Europe Has Crypto Regulation. Where Are Its Public Crypto Champions?
Europe, particularly Switzerland, was early to regulated digital asset products (i.e. ETPs), institutional infrastructure, and a formal multi-national crypto rulebook (still pending full local implementation). Yet its largest public crypto champion, by market cap, is CoinShares, a digital asset manager with more than $6B of AUM and roughly one-third share of Europe’s crypto ETP market. Yet, CoinShares ultimately chose to transition away from Nasdaq Stockholm in favor of the U.S. Nasdaq, and today has a market capitalization of ~$500M. The next largest European public crypto assets, excluding DATs, are much smaller: Bitcoin Group SE at roughly $175M, K33 at roughly $30M, and Safello at roughly $8M.

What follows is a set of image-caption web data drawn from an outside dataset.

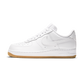 Nike Air Force 1 Low '07 White Gum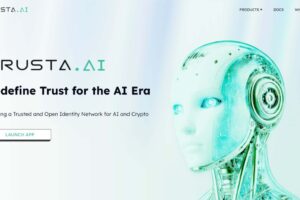 Apa itu Trusta.AI (TA)? Panduan Lengkap tentang Protokol Identitas Revolusioner Trusta.AI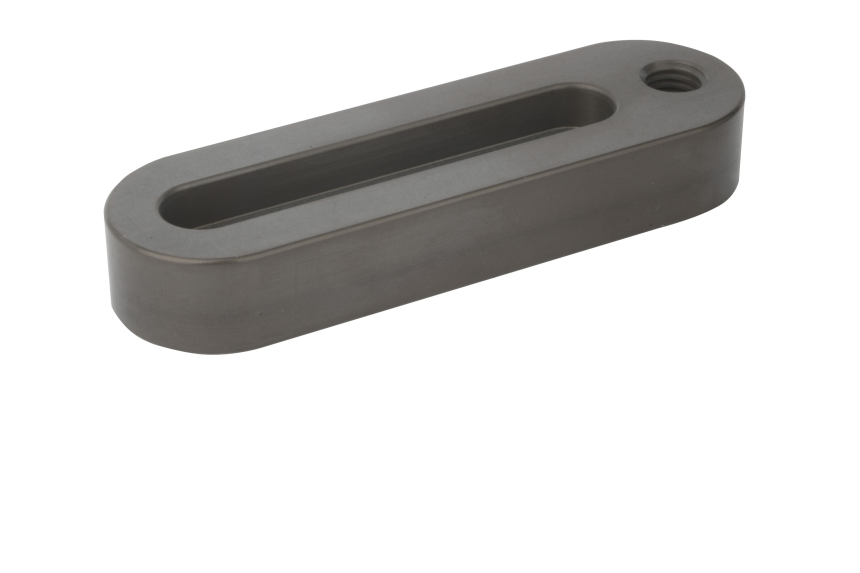 M10 basic rail, 60 mm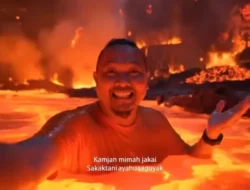 Geger! PBNU Sebut Candaan Video AI ‘Hari Pertama di Neraka’ Itu Perbuatan Murtad dan Dosa Besar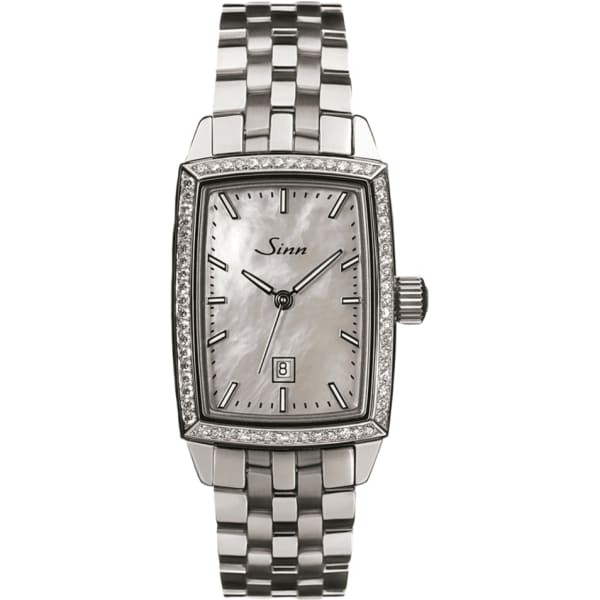 Sinn 243 Tw 66 Wg Mother-of-pearl W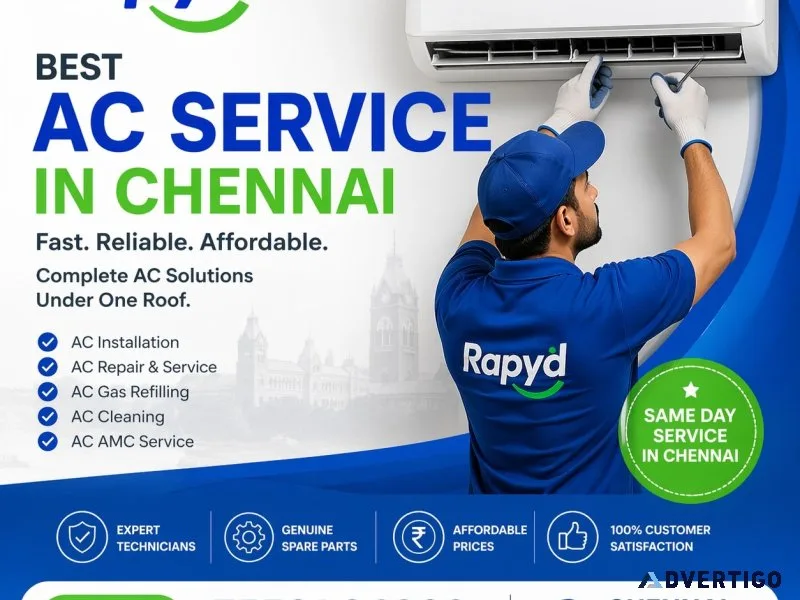 Repair service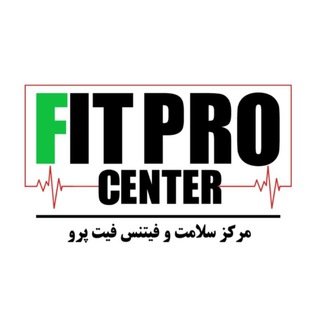 Telegram profile photo for Fitprocenter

This lack of scaled public champions is a two-part problem. First, Europe has a scarcity of risk capital relative to the U.S., resulting in only 11% as many large venture-backed enterprises as of July 2025 (OECD). Second, Europe’s public markets have structural liquidity weakness, driven by lower household allocation to financial securities, around 17% in Europe versus 43% in the U.S. (here), fragmented exchanges, and a preference for bank lending over equity financing.
Recent listing decisions make the issue tangible. In CoinShares’ Nasdaq listing announcement, the company cited access to deep institutional capital, expanded analyst coverage, and the size and liquidity of the U.S. market as reasons for transitioning away from Nasdaq Stockholm (here). Bitpanda has reportedly explored an IPO at roughly €5B, or $5.9B, while ruling out London due to liquidity concerns and opting for Frankfurt (a win for Europe) or New York (here; here).
The result is a self-reinforcing dearth of scaled public-companies. Europe’s fragmented exchanges and thinner liquidity make it harder for crypto companies to attract trading depth, analyst coverage, and institutional demand. That liquidity deficit weakens the local comparable-company set, leaving investors with fewer valuation anchors. With fewer anchors, coverage remains limited, institutions stay cautious, and liquidity stays thin, which leads to the next European crypto company having more reason to list in the U.S., sell to a U.S. buyer, or stay private.
So while Europe helped build crypto’s foundation, without the same public-market machinery as the U.S., its crypto companies have struggled to compound liquidity, capital access, coverage, and valuation into scaled public champions.